O concílio Vaticano II destacou a importância da
“simplicidade nobre” no uso das vestes eclesiais. Mesmo depois do Vaticano, o
Papa Paulo VI vendeu as tiaras e pediu que não fossem utilizadas roupas
incomuns, nem mantos extravagantes, coloridos e com muitas borlas.
4
– Vestes litúrgicas
hoje
Na fase medieval, o surgimento dos monastérios revela que
os hábitos dos monges e frades era simples e sem aparatos de capas ou de
medalhas. Hoje, em pleno século XXI, o que poderia significar esta onda
reacionária e fundamentalista no interior da Igreja católica que se exibe como
pavões em trajes vistosos? Teriam as roupas excêntricas e as pessoas de certa
esquisitice que as vestem a portabilidade de um mundo simbólico que remete
outras pessoas religiosas a entrar numa sintonia com Jesus Cristo, com a Igreja
e seus sacramentos?
Quando tão
pouca gente revela afinidade com trajes antigos ou bizarros, parece que nada
evidencia que roupas e vestuários litúrgicos sejam portadores de uma
interpelação para a transcendência de Deus e para o amor da síntese evangélica.
Este
vistoso retorno de alguns grupos religiosos na Igreja, parece indicar muito
mais uma distração da fé e do ministério do que, efetivamente, evidenciar
sinais e valores religiosos. E como tem gente que gosta de exibir grandes
cruzes, cíngulos, manípulos, luvas e sapatos especiais. O restauracionismo
destes grupos reacionários reflete uma uniformidade muito mais próxima de
ditaduras do que de anúncio da boa notícia do Evangelho.
A atenção
aguda às vestimentas e o aparato de ouro nos vasos sagrados mais se prestam a
um integrismo de retorno ao passado do que de alegre sinal de quem quer ser
porta-voz de um bom projeto de vida. Parecem indicar muito mais uma
autorreferencialidade do que indumentária que remete a um diálogo com Deus ou
ao inestimável tesouro histórico que se valeu das vestes litúrgicas como
ferramenta para o culto a Deus.
5
– Vestes sagradas e
influência da moda
Se a moda move a
mentalidade coletiva, estariam as vestes litúrgicas bebendo deste mesmo
manancial?
Certamente
tanto a moda social como a eclesiástica despertam certo misticismo de fascínio
e encantamento. A relação do ser humano com sua veste reflete signos que podem
apontar para a transcendência.

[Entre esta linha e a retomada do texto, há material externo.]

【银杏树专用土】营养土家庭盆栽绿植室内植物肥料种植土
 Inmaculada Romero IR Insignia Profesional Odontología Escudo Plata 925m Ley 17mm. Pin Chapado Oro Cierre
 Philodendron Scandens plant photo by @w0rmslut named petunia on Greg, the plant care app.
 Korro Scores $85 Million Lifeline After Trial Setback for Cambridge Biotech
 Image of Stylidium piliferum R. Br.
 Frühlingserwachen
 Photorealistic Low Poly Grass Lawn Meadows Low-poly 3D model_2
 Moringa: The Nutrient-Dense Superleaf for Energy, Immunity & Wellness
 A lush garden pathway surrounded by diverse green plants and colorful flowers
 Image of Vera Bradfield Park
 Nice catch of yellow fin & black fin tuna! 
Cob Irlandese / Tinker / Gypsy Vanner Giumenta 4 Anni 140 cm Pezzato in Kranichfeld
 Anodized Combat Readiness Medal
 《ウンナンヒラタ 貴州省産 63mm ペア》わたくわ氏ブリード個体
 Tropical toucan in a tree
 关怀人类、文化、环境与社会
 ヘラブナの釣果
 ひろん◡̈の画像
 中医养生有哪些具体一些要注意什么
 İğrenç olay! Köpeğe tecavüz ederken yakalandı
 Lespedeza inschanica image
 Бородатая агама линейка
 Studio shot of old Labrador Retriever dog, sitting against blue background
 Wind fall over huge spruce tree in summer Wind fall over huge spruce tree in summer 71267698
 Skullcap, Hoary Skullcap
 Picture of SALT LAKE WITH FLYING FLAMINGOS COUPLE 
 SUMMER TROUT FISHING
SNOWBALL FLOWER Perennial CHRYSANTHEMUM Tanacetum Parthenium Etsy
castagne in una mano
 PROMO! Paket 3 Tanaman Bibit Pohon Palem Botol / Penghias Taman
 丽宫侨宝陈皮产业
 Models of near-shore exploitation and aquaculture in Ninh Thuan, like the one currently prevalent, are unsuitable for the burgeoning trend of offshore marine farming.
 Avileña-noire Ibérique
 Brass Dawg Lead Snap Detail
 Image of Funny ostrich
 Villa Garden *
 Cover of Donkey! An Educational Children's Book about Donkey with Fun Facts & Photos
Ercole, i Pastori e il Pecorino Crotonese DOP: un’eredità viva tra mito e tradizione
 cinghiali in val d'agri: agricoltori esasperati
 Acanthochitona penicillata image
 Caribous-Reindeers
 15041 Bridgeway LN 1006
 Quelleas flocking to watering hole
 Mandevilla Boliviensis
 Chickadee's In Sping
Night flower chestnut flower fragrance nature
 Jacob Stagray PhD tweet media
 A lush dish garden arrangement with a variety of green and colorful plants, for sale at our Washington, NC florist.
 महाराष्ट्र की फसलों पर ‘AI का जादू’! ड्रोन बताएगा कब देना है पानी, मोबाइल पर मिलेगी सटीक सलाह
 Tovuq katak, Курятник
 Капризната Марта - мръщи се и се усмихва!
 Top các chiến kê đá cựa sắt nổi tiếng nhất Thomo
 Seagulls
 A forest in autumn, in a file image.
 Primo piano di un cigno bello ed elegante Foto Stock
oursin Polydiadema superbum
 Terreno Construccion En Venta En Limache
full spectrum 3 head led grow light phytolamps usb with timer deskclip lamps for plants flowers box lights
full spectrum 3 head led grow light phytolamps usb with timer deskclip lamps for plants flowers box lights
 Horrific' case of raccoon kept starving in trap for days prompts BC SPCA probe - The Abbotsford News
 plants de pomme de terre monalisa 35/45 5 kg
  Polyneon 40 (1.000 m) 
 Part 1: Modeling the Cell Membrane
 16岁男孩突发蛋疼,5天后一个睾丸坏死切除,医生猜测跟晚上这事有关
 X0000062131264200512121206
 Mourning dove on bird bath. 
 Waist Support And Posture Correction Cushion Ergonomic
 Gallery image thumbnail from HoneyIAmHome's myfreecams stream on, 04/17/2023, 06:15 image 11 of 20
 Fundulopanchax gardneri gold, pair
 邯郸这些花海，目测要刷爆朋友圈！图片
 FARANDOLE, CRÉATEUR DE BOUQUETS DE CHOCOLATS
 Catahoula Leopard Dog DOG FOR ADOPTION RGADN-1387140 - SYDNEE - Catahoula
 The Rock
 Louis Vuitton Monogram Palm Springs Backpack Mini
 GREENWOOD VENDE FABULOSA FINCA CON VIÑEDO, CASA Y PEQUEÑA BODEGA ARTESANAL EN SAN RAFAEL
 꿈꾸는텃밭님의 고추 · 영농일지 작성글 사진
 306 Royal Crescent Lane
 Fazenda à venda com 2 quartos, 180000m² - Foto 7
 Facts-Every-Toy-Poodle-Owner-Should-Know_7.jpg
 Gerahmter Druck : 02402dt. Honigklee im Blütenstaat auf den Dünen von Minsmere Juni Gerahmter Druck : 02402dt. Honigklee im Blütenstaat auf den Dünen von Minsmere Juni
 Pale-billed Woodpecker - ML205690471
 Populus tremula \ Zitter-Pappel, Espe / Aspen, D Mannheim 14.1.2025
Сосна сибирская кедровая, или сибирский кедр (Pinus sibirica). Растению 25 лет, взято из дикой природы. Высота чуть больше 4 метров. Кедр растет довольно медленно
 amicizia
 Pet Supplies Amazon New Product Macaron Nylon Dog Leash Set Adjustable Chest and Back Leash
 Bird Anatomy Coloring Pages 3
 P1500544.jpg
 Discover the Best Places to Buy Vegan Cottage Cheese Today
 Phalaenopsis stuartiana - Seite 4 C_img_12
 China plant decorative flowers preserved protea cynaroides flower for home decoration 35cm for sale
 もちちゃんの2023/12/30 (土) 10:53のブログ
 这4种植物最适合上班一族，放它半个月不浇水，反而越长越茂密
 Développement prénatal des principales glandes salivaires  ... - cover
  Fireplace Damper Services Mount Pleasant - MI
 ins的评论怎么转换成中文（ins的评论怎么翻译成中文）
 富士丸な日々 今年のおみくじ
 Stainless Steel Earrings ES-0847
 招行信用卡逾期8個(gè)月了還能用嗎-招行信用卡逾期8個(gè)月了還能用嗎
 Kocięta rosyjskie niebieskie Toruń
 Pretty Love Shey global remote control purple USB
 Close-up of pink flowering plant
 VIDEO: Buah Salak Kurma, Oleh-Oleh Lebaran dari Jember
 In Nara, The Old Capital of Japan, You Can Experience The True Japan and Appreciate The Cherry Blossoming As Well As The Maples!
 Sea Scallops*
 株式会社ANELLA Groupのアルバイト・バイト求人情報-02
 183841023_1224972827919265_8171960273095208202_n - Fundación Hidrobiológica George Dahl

A moda eclesiástica vive uma relação ambígua,
porque em parte, é influenciada pela moda social, - porquanto depende da
cultura - e ela também atinge um nicho de consumidores interessados em vestes
litúrgicas com alguma afinidade com os produtos da moda, mas, estaria o produto
da moda eclesiástica nos mesmos parâmetros da moda social que tem passos bem
delineados como pesquisa, consenso, lançamento, estimulação de consumo para um
rápido desgaste e apresentação de outro produto?
Em
2017 foi feita uma pesquisa de amostragem no universo de aproximadamente 25 mil
padres brasileiros. Foram consultados 60, entre 25 e 35 anos, e perguntados
sobre as características do produto da moda eclesiástica, bem como sobre os
fatores que os levavam a comprar. Nas respostas
evidenciou-se a tríade: conforto, qualidade e preço, portanto um indicativo do
que deve estar agregado ao objeto de consumo. Os entrevistados, também
salientaram que existe pouca diversidade nas ofertas. Por outro lado, todos
salientaram o conforto das vestes e sua comodidade térmica, dando a entender
que desejam tecidos mais adaptados para a sensação de conforto.
Por
estes dados, os entrevistados estariam dando indicação que relaciona as vestes,
não pela raiz tradicional de seu significado simbólico, mas, pelo conforto e
estética. Como o caráter efêmero da moda lhe indica duração curta, as vestes
ostensivas do vestuário litúrgico também entrariam no processo de consumo e
rápido descarte. Isto se evidencia no que muitos celebrantes ostentam: a cada
pouco, roupas novas, mais chamativas e mais brilhantes. Poder-se-ia, então,
deduzir que a moda vem se impondo sobre os costumes oriundos da tradição
católica. No entanto, o lado ambíguo desta manifestação é que parcela do clero
volta a uma ostentação de vestuário nada compatível com o processo da moda
atual. Ver padres no norte e centro-oeste do Brasil, vestindo roupas profanas e,
sobre elas, batinas, capas e mais uma porção de bricolagens e ainda lhes
acrescentar amitos, alvas, túnicas e capas para as celebrações, então resulta
evidente que se trata de outro fenômeno, pois esta moda eclesiástica não
absorve os costumes sociais deste tempo e tampouco se adapta a esta realidade.
A
esta extravagância acrescenta-se o preenchimento de uma celebração eucarística com
enormidade de protocolos, com cerimoniários determinando ordens e comandos para
todos e, a todo instante. O centro da celebração tende a ser o cerimoniário
vestido a caráter. Diante deste quadro é oportuna a observação da Solange
Carmo: ”aos presbíteros de boa vontade – e
de bom senso, é claro – recomendo: muito antes de cerimônias pomposas, cerimônias
que comuniquem o mistério celebrado; muito antes de roupas glamorosas,
simplicidade e fraternidade revestindo o celebrante; antes de um cerimoniário
que nos indica como fazer corretamente a vênia, uma comunidade reverente e
santa que sabe e vive o que se celebra.”
O
modismo exagerado aliado a traços de conservadorismo enrijecido levou o Cardeal
Joseph Ratzinger, depois de vinte anos da Sacrossantam Concilium, a afirmar que:
“De um lado, tem-se a Liturgia que
se degenerou em ‘show’ onde se quis mostrar uma religião mais atrativa com a
ajuda de tolices da moda e de incitantes princípios morais, com êxitos
momentâneos no grupo de criadores litúrgicos e uma atitude de reprovação tanto
mais pronunciada nos que buscam na Liturgia não tanto o ‘showmaster’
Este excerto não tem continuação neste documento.